After a full day of lessons, well taught and dutifully learned, the parents would gather the young once again on the banks of the creek and begin to retrace the morning journey to the safety of their hidden home across the busy road.

I am so thankful they allowed me a few glimpses of this remarkable journey into their new world.

Oddly they even seemed to enjoy the radio program I had been listening to while filming this remarkable family unit.

If only we humans would take as much time and care to prepare our young for their world discoveries.

Friday, June 13, 2008

Random Thoughts of an Aging Sort



Watercolor pencil drawing of a Sunset on the Southern Shores of Lake Michigan
Lighthouse at Washington Park, Michigan City, IN.



Fine aged French wine. Aged sharp blue cheese. Aged Japanese Kobe Beef.

Just three items that makes one salivate with delight over the aging process.

Now add to this mix our own aging and quickly faces grimace, bodies shake and voices rise in denial.

How well we accept the age of what goes into us but find unacceptable the age we have achieved.

While it is popular to say 50 is the new 40 and 60 the new 50, in actuality for the majority of mankind (and this includes womankind as well) that is just not the case. We seem to adopt this way of counting as yet another mode of denial of the reality of life. (If your allowed to survive this long, this will happen to you... face it.)

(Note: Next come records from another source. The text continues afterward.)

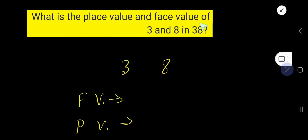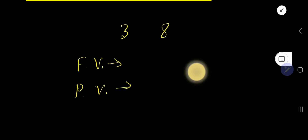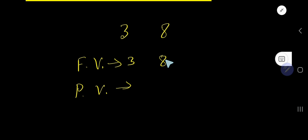What is the place value and face value of 3 and 8 in 38? 38 is a number. It has two digits, 3 and 8. We would like to find out the face value and place value of 3 and 8. The face value of 3 is 3, and the face value of 8 is 8. In case of face value, you just need to write the digit itself.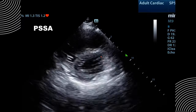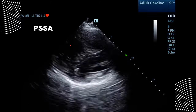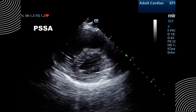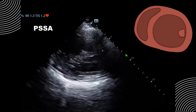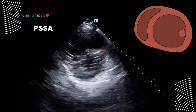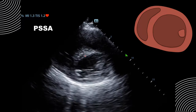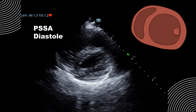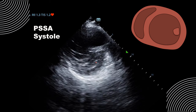In the parasternal short-axis view, we should have a circular left ventricle and a small crescent-shaped right ventricle. Notice that the RV is quite large and actually flattens the interventricular septum at some point in the cardiac cycle. When you go into systole, the interventricular septum is flattened, creating what we call the D sign — a squished left ventricle that looks like the letter D.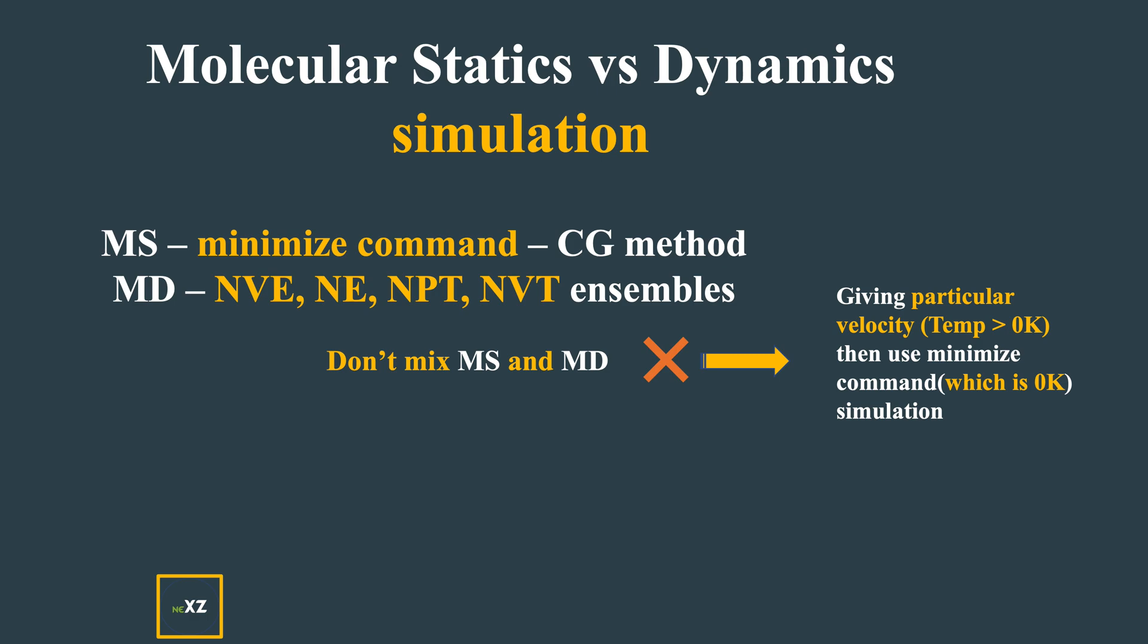In my crack propagation, I'm using the NVE ensemble, so I'm doing molecular dynamics. I didn't use the minimization command anywhere. If you're doing molecular dynamics at 300 Kelvin, you have to calculate the lattice parameter at 300 Kelvin and use that lattice parameter.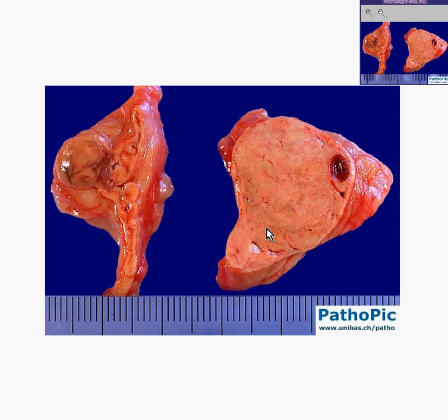Could these hyperplastic cortical nodules produce additional cortical hormones? Of course they could, and they often do — but they may not.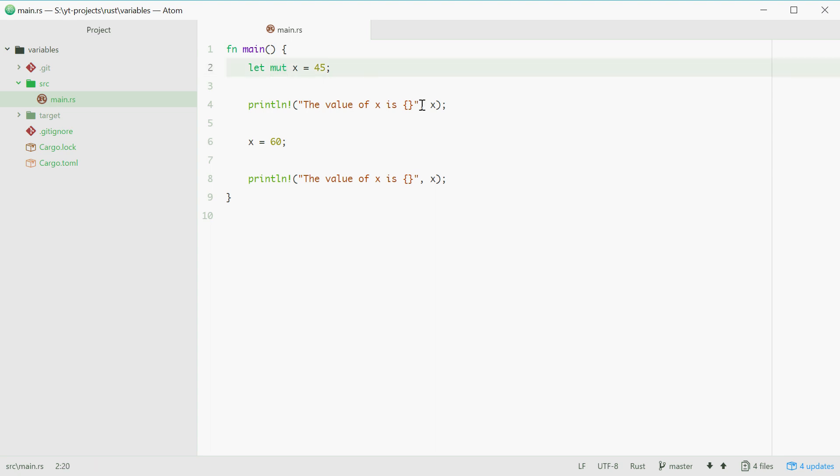In the next video, I'll be going over how we can define variable data types. And we'll go over things such as boolean and floats and all that stuff. But for this video, it's just the basics where we have the let keyword and the mut keyword.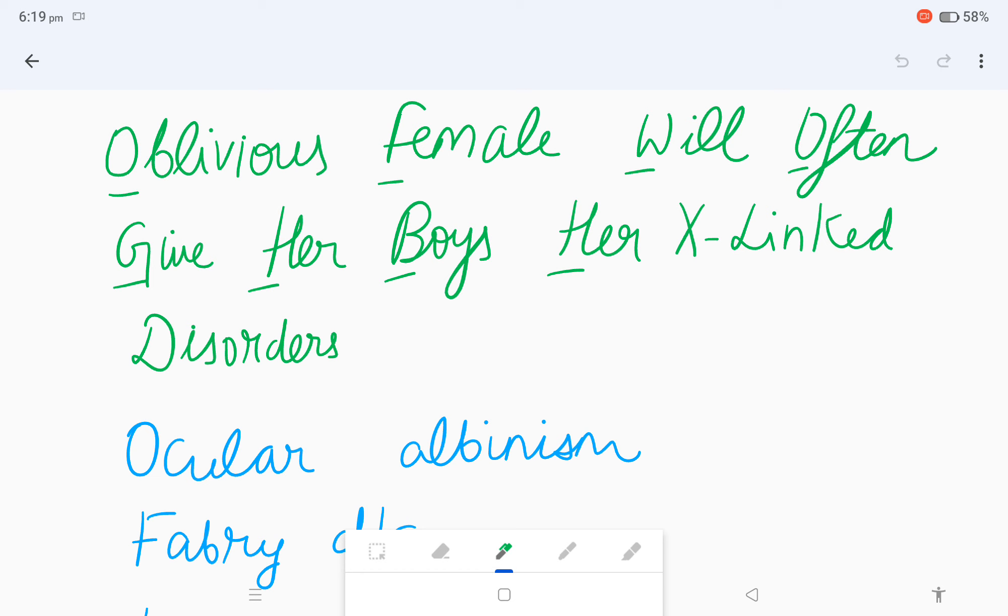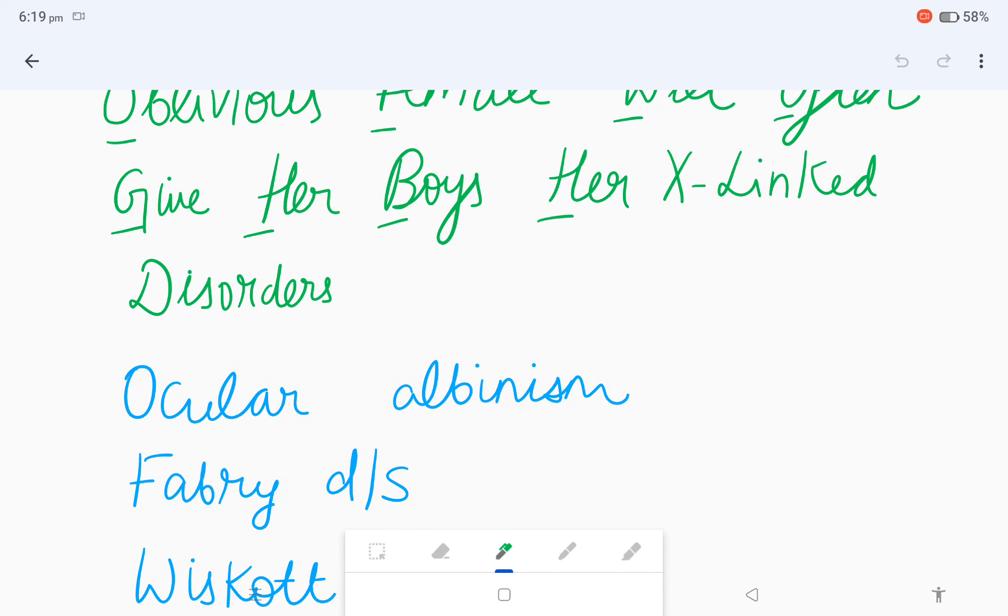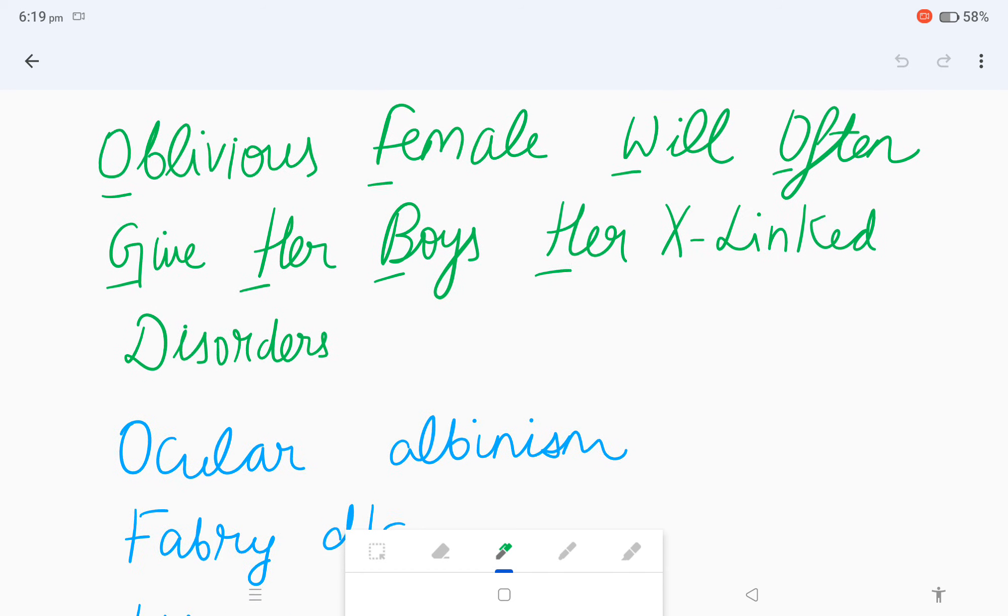Then Fabry's disease, which were exceptions in the autosomal recessive, are actually X-linked recessive. Fabry's disease is X-linked recessive.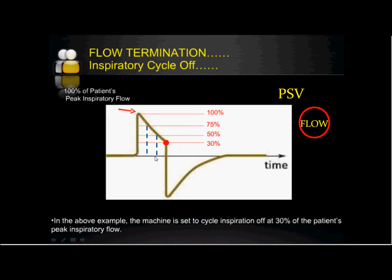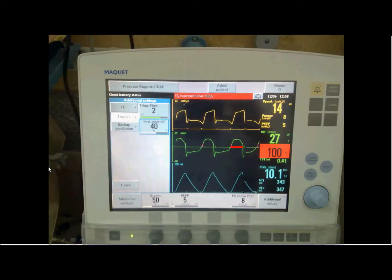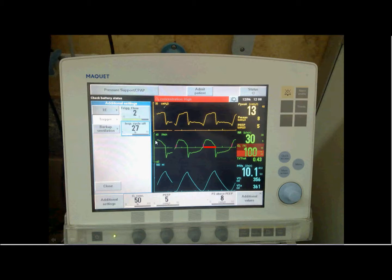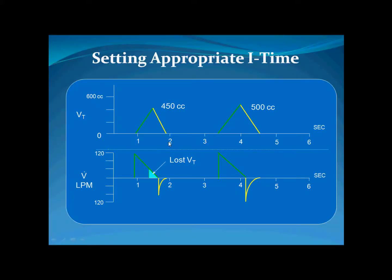By adjusting expiratory sensitivity, you adjust the inspiratory time of the machine, which in turn determines the tidal volume. For example, if the cycle is at 40 percent of peak flow, then changing it to 27 percent means you are increasing the inspiratory time, and accordingly the tidal volume should increase. When you increase the sensitivity threshold to a lower flow level, you are prolonging the inspiratory time, which increases the tidal volume. It is a simple relationship.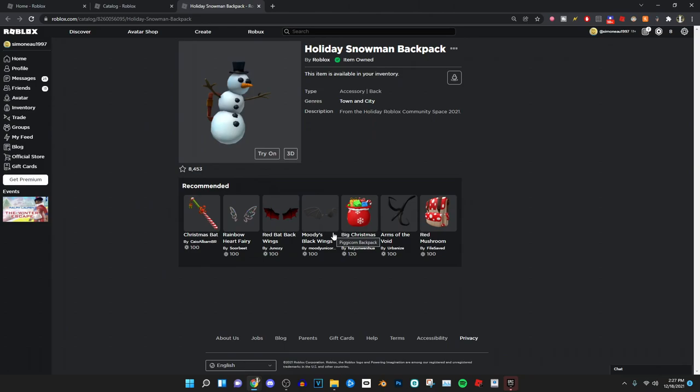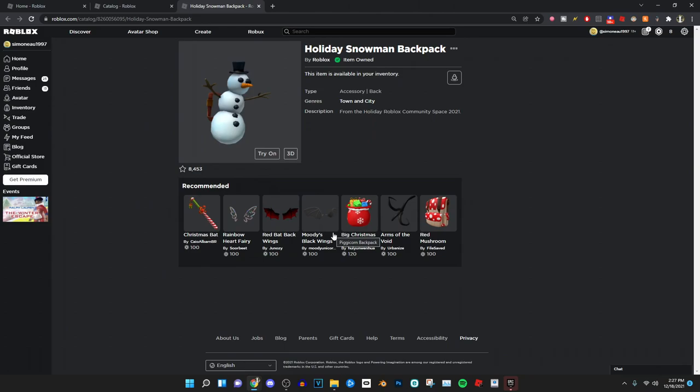This Roblox item is actually going to be super rare because in the future this Roblox item is going to be off sale, probably by the end of Christmas. So if you guys want to go ahead and get this super sick rare Roblox item, make sure to go ahead and get it right now. I'll leave it in the description below for everybody that wants to go ahead and get it.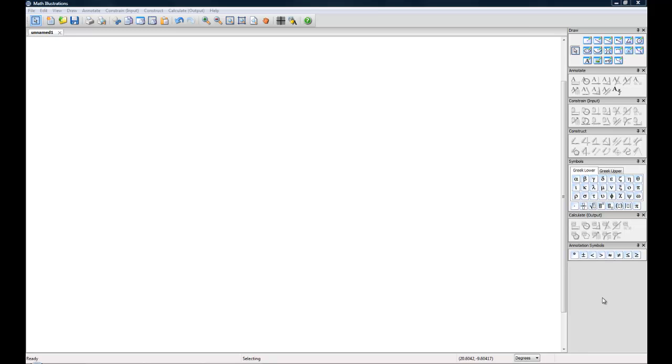Hello and welcome to Math Illustrations Basic Tutorial 1 presented by Saltier Software. My name is Audrey and today I'm going to be walking you through some of the basics of this program.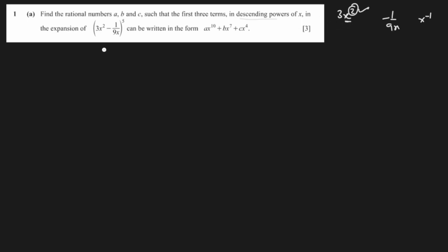Find the rational numbers a, b, and c such that the first three terms in descending order of x in the expansion can be written as shown. Whenever they say descending order, that means the term with the higher exponent comes first. We can see there is 3x² and -1/(9x). Since 2 > -1, the 3x² term will have the higher exponent, so the first term of the expansion uses the highest power, which is 5 here — so 5C0.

Now at 65 years of life, I personally have no desire to say, "I am at the new 55." No I am 65. Glad and somewhat relieved and proud to have reached this mile marker of life. Still putting in 40 hours a week, enjoying life with my husband of 38 years, still worrying over a mature 30 something daughter, and learning to look at life through the mystical eyes of our Pug, AJ.

I have no desire to turn back time to a long gone decade. I am thankful to have survived to tell about it not relive it.

There are days I may wish I had a lighter spring in my steps or less character lines greeting me each morning, but as my body, who speaks to me in the most intimate fashion says, "Been there, done that, I don't think so!"

Age and maturity has nothing to do with growing old or growing up. I will never be old as long as I remain in the NOW. Growing up is for those who choose not to dream. I will never give up dreaming.

From where I was to where I am, I may have come a long way. But I still have far too many things I want to try, places to explore and friends yet to meet. This journey has just managed to shift into second gear and I am ready to roll.

I'll be looking for you just around the bend in the road... I will greet you with a smile and a big Hoosier Hug!